SUMMIT, N.J. - A New Jersey feminist group, American League of Ladies in Power, is protesting a media giant over its broadcast of an I Love Lucy episode that hinders the power and equality of women, objectifying females and enforcing roles upon them.
The episode, which features a classically entertaining plot of gender reversal in which Ricky and Fred tend to the housework and Lucy and Ethel go out into the phallo-dominated "working world" of the 1950s, aired on TVLand at 10:30 am on September 28, 2008.
The iconic episode, entitled 'Lucy and Ethel Get Jobs', includes the timeless scene where Lucy and Ethel stuff chocolates in their mouths to keep the assembly line manager from realizing that they are not up to par to the task of wrapping chocolates - and ends with the girls receiving the ironic, but hilarious, gift of chocolates from Ricky and Fred as a truce.
"The episode in which Ricky and Fred call housework 'easy' and the implication that entering the working world is 'just for men' is a repugnant, chauvinistic approach to the complexity of womanhood," ALLY founder and president, Eileen Norvitz, said.
ALLY, whose members have already drafted a dozen protest letters to the network and plan to stage a rally against the Viacom faction on Monday, have echoed similar sentiments about that first episode of "Bewitched" where Darrin Stephens orders Samantha not to use her witchcraft.
"Just because he's a man, he should have power over her?" Norvitz complained about the highly entertaining fictional 1960s sitcom featuring fictional characters with fictional superpowers. "I would've twitched my nose and sent him back to the Dark Ages where he belongs.

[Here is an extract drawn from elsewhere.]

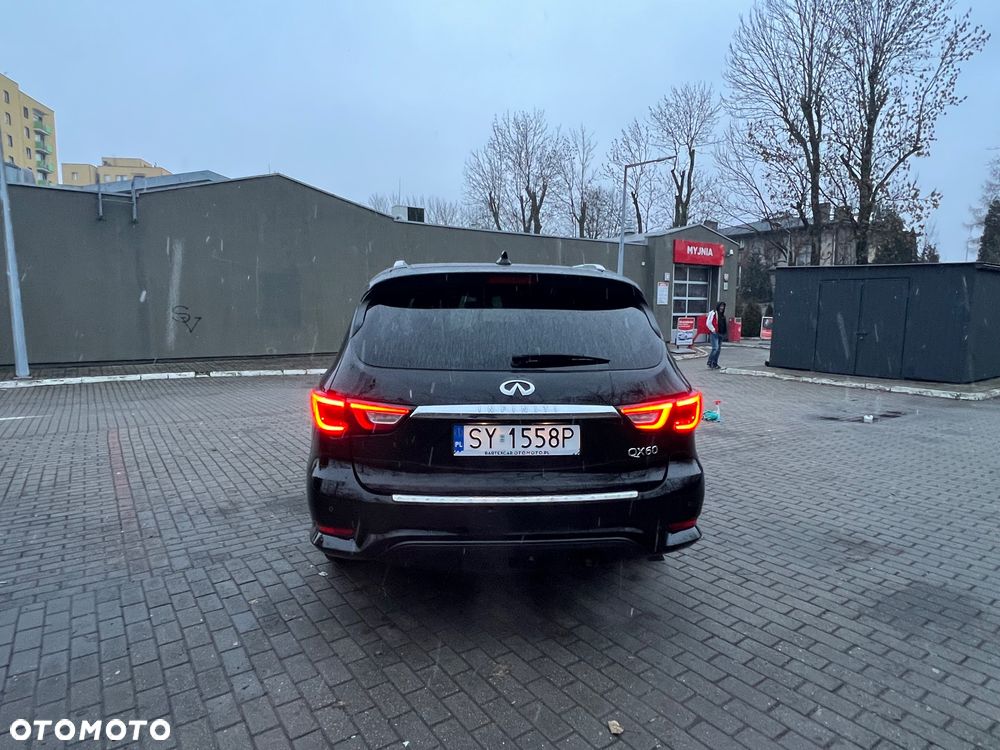 Infiniti Q60 - 9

I'm not even going to mention Gladys Kravitz, who exemplifies the ill-conceived notion that housewives are mindless and gossipy fools."

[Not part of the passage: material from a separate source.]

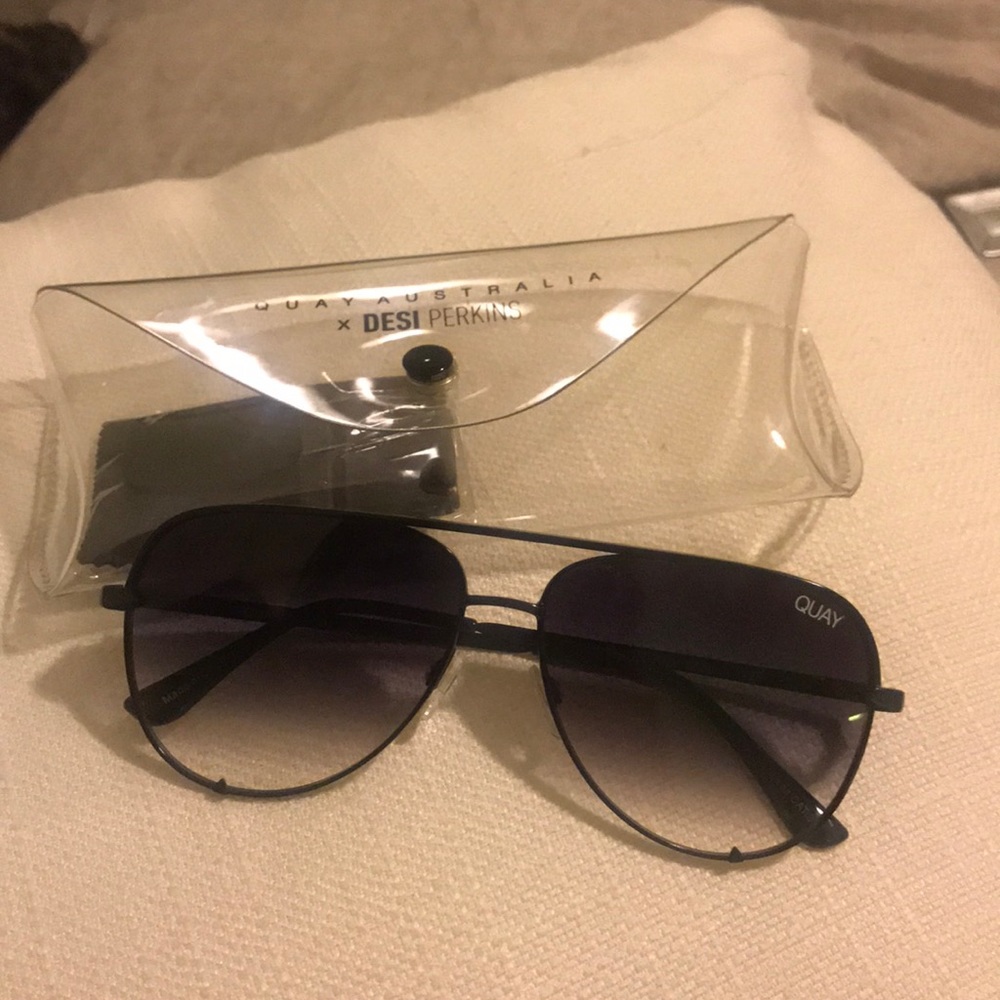 QUAY high key mini black sunglasses PRICE FIRM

Critics of the movement, like everyone who is not a feminist, had a differing point of view. Norman Fisher, a 38 year-old technology consultant, had doubts about ALLY's movement.

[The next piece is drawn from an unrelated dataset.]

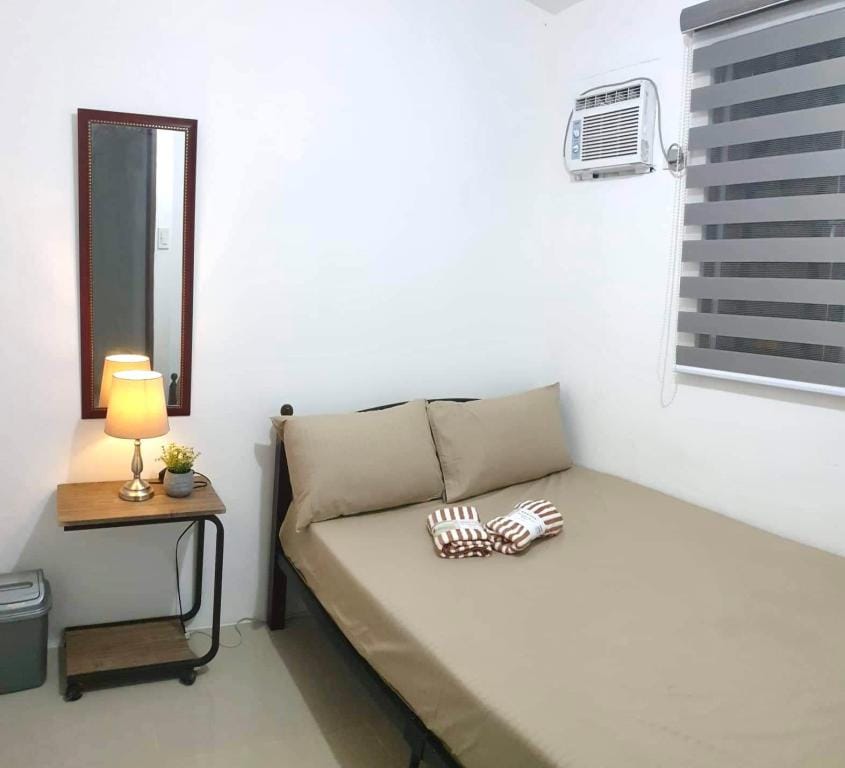 ROCKMELON TRANSIENT HOUSE  Vacation rental in Calabarzon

"Besides, everyone knows TVLand doesn't even have good shows on anymore, and it's the same shit everybody else has in syndication. If I were the group, I'd be more concerned about protesting their new programming direction," says Peterson. "I mean, what happened to iconic classics like 'Taxi' and 'Mary Tyler Moore'? I've already seen every horrible 'Just Shoot Me' episode - on NBC, because the show just fucking ended," Fisher said.